This is one of the many books I am currently reading. I am almost done with it and couldn't wait to give my review of this wonderful book. I first heard of it at our Catholic Homeschool Conference last year, one of the speaking couples recommended it, and I wrote it down and didn't end up ordering it until sometime after Christmas. I skipped over the chapters in the middle that are for the man to read and am now on the chapters for the woman to read, and loving them.
"In any case, each one of you should love his wife as himself, and the wife should respect her husband." Ephesians 5:33
This book is based on this scripture verse. God tells us women to respect our husbands and He tells men to love their wives. He does not tell us women to love our husbands, because we already know how to love them. It comes naturally. Men, on the other hand, do not have this naturally. They must be told to do so. Men do have the respect, because it is what they desire most from us, so we are told to respect them.

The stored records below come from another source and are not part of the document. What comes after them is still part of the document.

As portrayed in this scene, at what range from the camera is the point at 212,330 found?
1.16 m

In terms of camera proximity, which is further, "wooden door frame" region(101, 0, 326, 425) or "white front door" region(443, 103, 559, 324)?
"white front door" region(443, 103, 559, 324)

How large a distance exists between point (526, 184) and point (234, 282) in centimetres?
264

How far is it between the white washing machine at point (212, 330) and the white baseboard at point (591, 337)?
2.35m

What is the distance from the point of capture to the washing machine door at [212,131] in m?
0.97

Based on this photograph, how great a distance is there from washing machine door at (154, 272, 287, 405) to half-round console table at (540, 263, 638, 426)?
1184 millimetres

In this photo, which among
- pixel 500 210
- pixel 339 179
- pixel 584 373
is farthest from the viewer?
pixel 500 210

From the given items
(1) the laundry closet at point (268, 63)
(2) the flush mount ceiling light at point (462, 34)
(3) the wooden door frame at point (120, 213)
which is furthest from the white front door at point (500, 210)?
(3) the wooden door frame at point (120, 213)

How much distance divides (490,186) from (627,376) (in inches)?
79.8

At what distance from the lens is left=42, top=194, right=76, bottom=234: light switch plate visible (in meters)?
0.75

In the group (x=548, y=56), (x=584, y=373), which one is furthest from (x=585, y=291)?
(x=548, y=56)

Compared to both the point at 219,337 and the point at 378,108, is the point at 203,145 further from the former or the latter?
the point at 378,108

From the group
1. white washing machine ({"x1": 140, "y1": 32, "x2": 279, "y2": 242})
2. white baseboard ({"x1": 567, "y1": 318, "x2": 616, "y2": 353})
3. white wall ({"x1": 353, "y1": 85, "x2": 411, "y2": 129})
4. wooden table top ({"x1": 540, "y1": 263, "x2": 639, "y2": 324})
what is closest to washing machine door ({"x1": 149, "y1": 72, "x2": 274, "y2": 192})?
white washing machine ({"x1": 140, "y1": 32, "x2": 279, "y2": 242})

In the book Dr Eggerichs talks about "the crazy cycle" that happens in marriages. The woman wants her husband to love her, and the husband wants her to respect him, without either, it keeps going around and around. She doesn't respect him because he doesn't love her the way she wants, and he doesn't love her the way she needs him to because he is not respected by her.

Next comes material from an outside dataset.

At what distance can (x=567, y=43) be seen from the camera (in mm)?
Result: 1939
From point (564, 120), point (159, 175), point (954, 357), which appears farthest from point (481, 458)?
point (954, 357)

Dr Eggerichs challenges his readers to give the book a 6 week test. Try it for 6 weeks, see the changes. I didn't set out to do anything for any particular amount of time, but I broke my leg and was forced to see all my husband did to help me in addition to what he already was doing. I got into the habit of telling him how much I respected him and appreciated him and all he was doing for me. He did bedtimes, baths, cleaned up what he could, helped me to bed every night, carrying everything I needed, helping me up the stairs. At first it's hard to say "I really appreciate you and all you do for us." It is something we, as women don't necessarily need to hear from them, we don't need that respect, we just do our job and expect to be loved. For example, I don't need him to come home and say "wow, you did a super job with the laundry today honey." But he does need this: "Honey, you worked so hard today, thank you so much, you are the greatest husband and father."
I started praying it outloud with the children, with our prayers, instead of just thanking God for daddy or blessing daddy, we would thank God "for a daddy who loves us so much that he goes to work every day so that I can stay home and take care of them, and even homeschool, he sacrifices so much." Say that outloud a few times and you will feel those blessings and it will come much easier to actually tell him that.
Just the other day I thanked my husband for getting up early every day to go off to work, while I'm still in bed, how hard that must be, for him to leave when he would probably love to stay home and play all day with the kiddos!
In another book I've recently read, "In Praise of Stay at Home Moms" by Dr Laura Schlessinger, she has a chapter explaining the importance of appreciating our husbands, telling how much we appreciate them. She says men still love to be told they have big muscles!! They do! It's so true. And pretty cute, isn't it? Try it, if you must, do it through the kids, "Daddy has the biggest muscles, show us your muscles!" Watch him do it automatically!! It's so very cute!
Once the husband gets that respect, he can give the love and vice versa. I've seen this happen. It's happened in my marriage. It was not bad before, I didn't even plan to do anything, I just broke my leg and really did appreciate him so much more than I had before and still do.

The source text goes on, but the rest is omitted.